[Task brief]
Exercise in exact copying: restate word for word only the lines below from the one containing "Imagem de Teclado" through the one containing "Розы в Баймаке", omitting any pictures.

[Data extract]
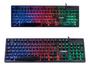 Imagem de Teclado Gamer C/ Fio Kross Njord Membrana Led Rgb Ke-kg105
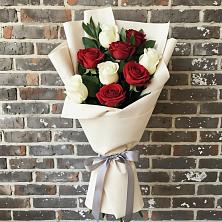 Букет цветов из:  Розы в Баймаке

...

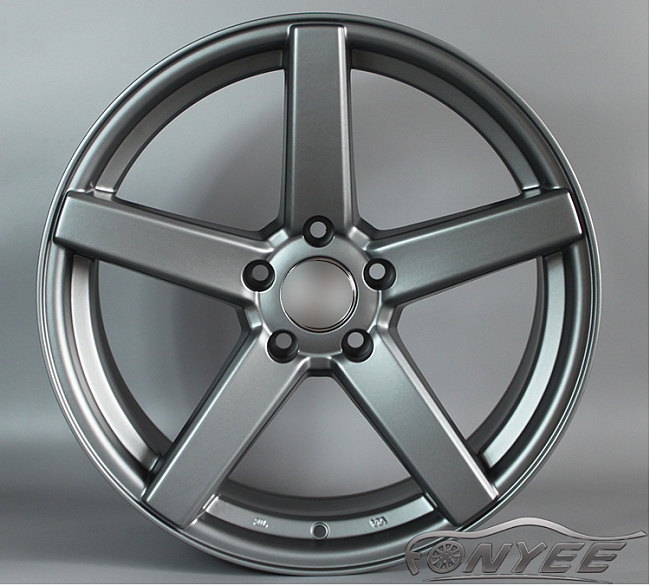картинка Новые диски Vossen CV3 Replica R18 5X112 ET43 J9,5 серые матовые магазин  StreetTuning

[Expected answer]
 Imagem de Teclado Gamer C/ Fio Kross Njord Membrana Led Rgb Ke-kg105
 Букет цветов из:  Розы в Баймаке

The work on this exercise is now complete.